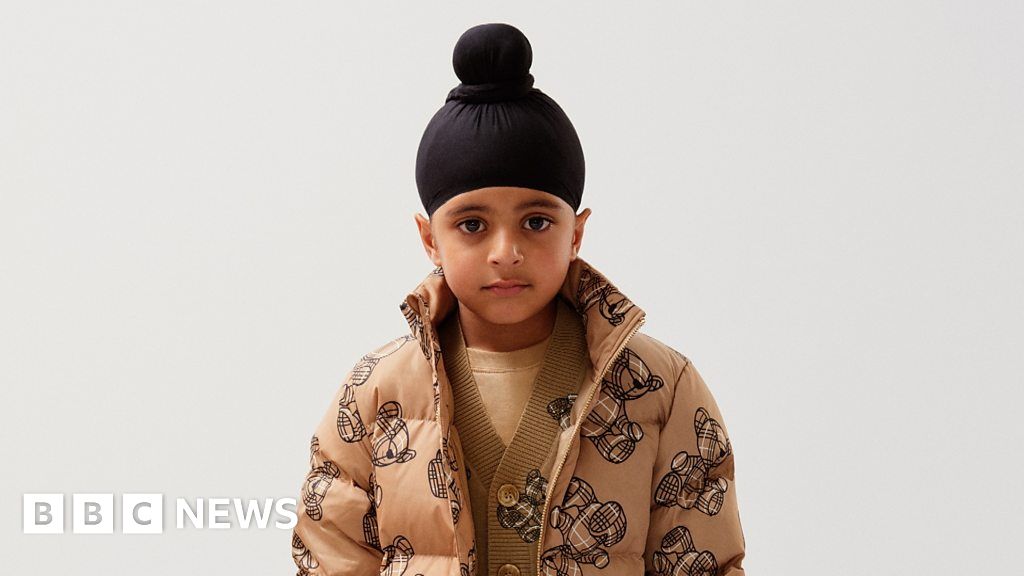 Sikh boy in Burberry modelling first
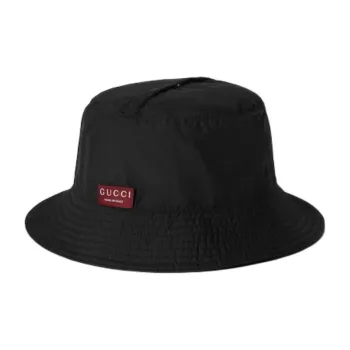 GUCCI Nylon Bucket Hats Unisex Black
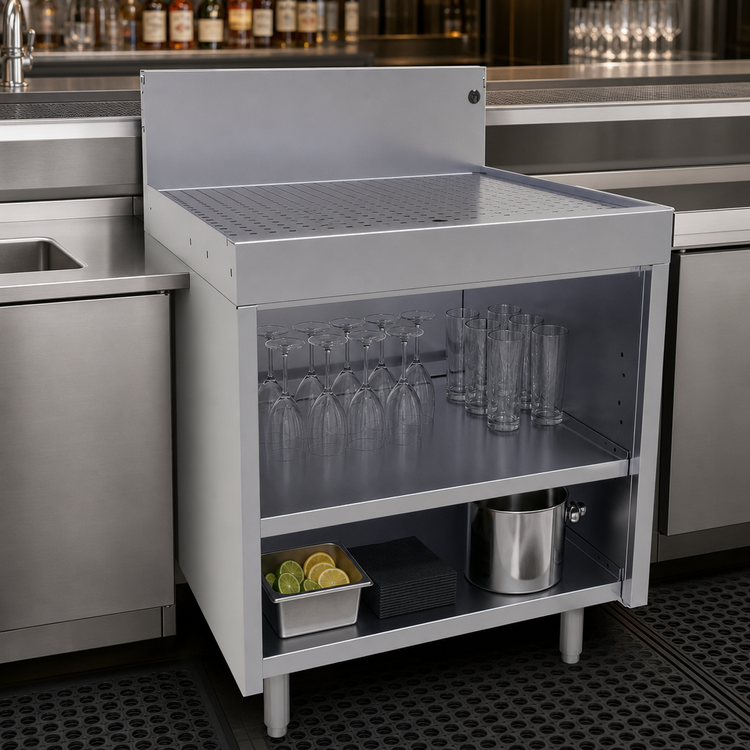 Product image #3 for Glastender DBCB-24-LD 24-Inch Underbar Drainboard with Open Front Cabinet Base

▶ [DIRECTIONS FOR THIS TASK]
Set down the material exactly as given, but print none of the pictures.

▶ [EXERCISE OUTPUT]
 Sikh boy in Burberry modelling first
 GUCCI Nylon Bucket Hats Unisex Black
 Product image #3 for Glastender DBCB-24-LD 24-Inch Underbar Drainboard with Open Front Cabinet Base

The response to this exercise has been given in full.